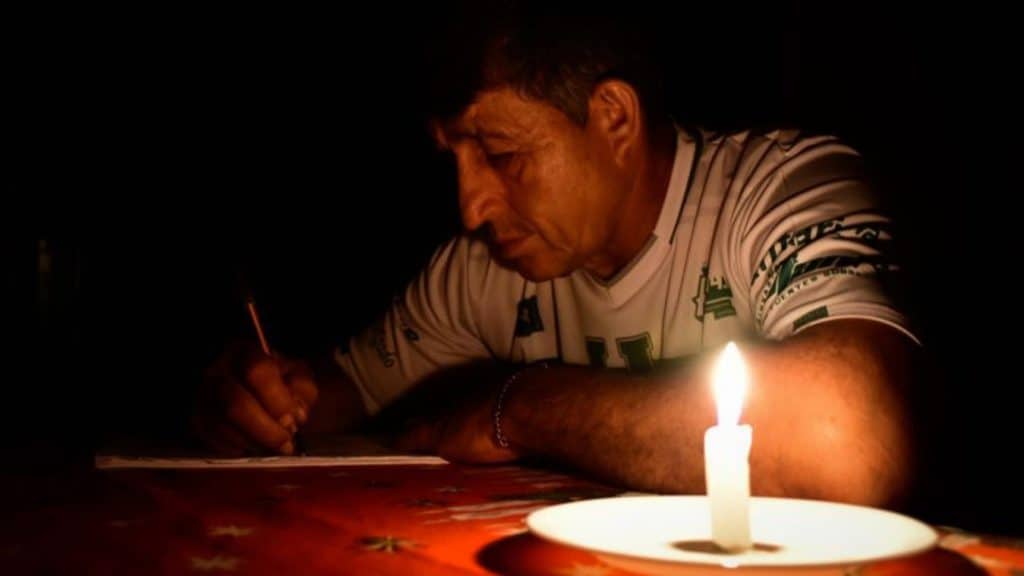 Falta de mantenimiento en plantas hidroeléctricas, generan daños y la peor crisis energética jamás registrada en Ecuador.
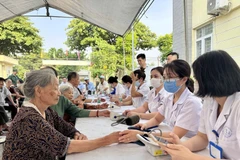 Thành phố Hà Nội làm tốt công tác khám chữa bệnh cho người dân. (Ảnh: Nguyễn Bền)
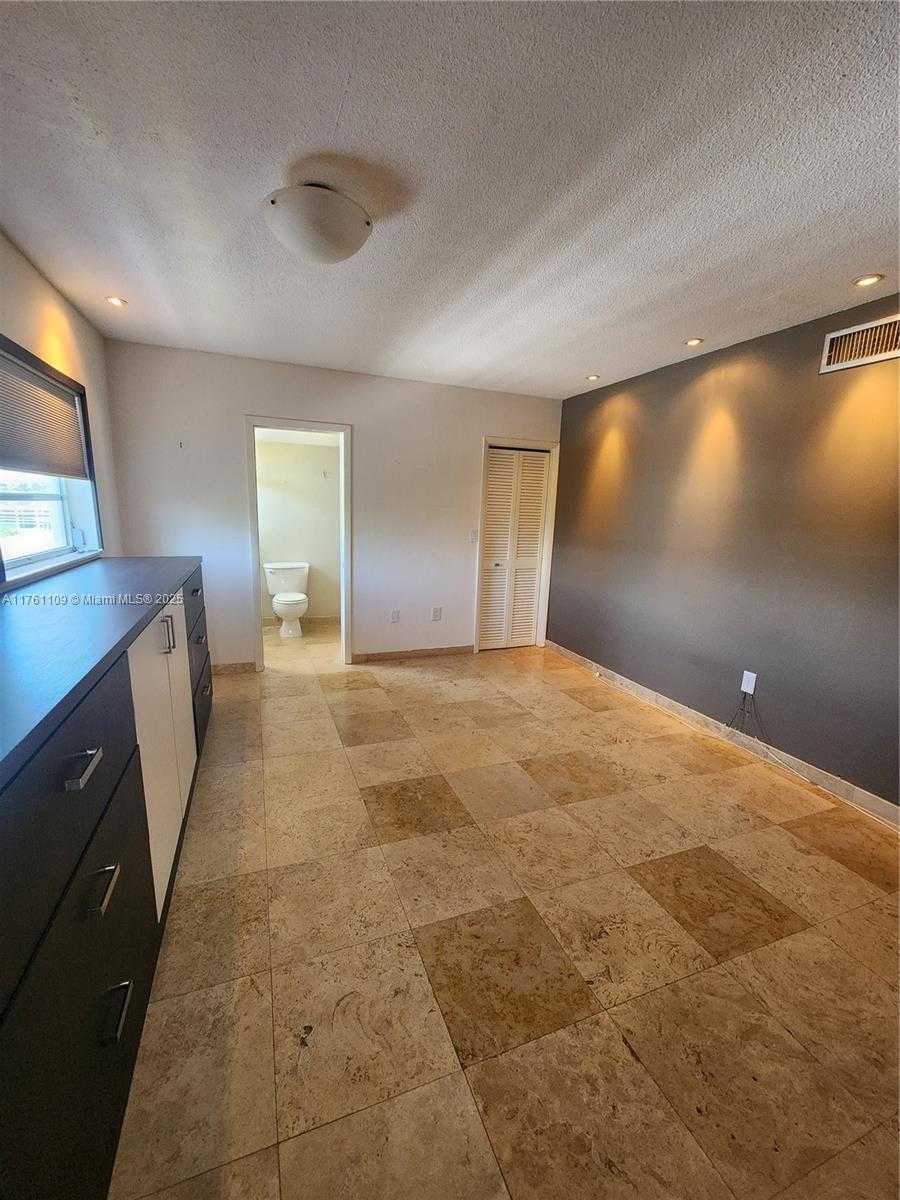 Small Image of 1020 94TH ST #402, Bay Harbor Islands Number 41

## YOUR INSTRUCTIONS
Give back the full listing exactly as written, only without its pictures.

## TASK RESULT
 Falta de mantenimiento en plantas hidroeléctricas, generan daños y la peor crisis energética jamás registrada en Ecuador.
 Thành phố Hà Nội làm tốt công tác khám chữa bệnh cho người dân. (Ảnh: Nguyễn Bền)
 Small Image of 1020 94TH ST #402, Bay Harbor Islands Number 41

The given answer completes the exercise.